Multiculturalismo e non futilità del movente religioso – Cass. Pen. 51059/2013

Articolo scritto da Filippo Lombardi il 13 Febbraio 2014

Cassazione Penale, Sez. I, 18 dicembre 2013 (ud. 4 dicembre 2013), n. 51059
Presidente Zampetti, Relatore Caiazzo, P. G. Mazzotta

La massima

Non possono reputarsi futili i motivi che derivano dalla radicata concezione religiosa di appartenenza, pur se distanti da quelli della moderna società occidentale, in quanto, pur sussistendo una sproporzione tra il movente e l’evento cagionato, non può dirsi né lieve né banale la spinta che ha portato il soggetto ad agire. 

Il commento

La Cassazione, con la sentenza che qui si annota, ha riconosciuto l’assenza dei futili motivi nel gesto dell’uomo – di radicata fede islamica – che, sentendosi disonorato dai comportamenti della propria figlia, violativi dei precetti del Corano, aveva tentato di ucciderla.

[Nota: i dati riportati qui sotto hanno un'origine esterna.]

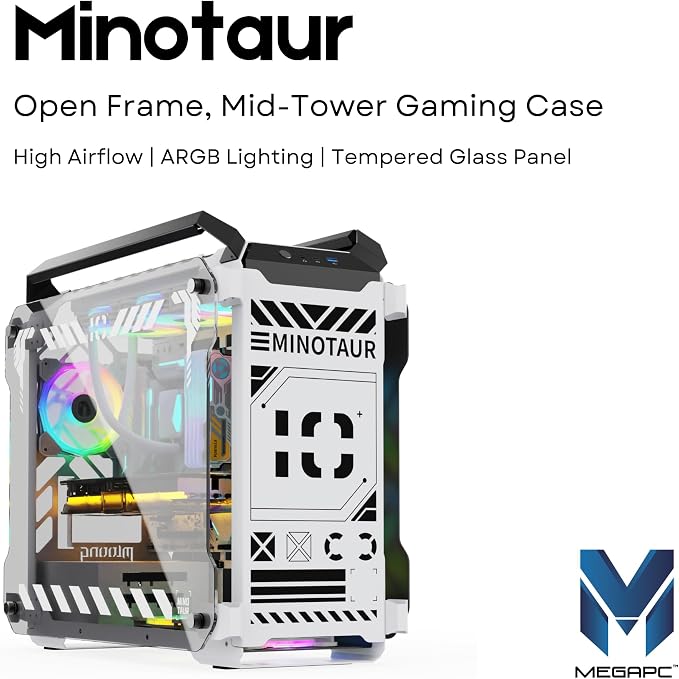 MegaPC Mino Open-Frame ATX Gaming Case – Industrial Design, Tempered Glass - Image 2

Il presente commento, dunque, analizza il concetto di futile motivo, nonché i metodi di valutazione e di accertamento seguiti dalla giurisprudenza e dalla dottrina più recenti; dopo una ricostruzione generale del rapporto tra diritto penale e multiculturalismo, si conclude confrontando il verdetto dei Giudici di Legittimità coi principi ottenuti dall’analisi, per valutarne la coerenza.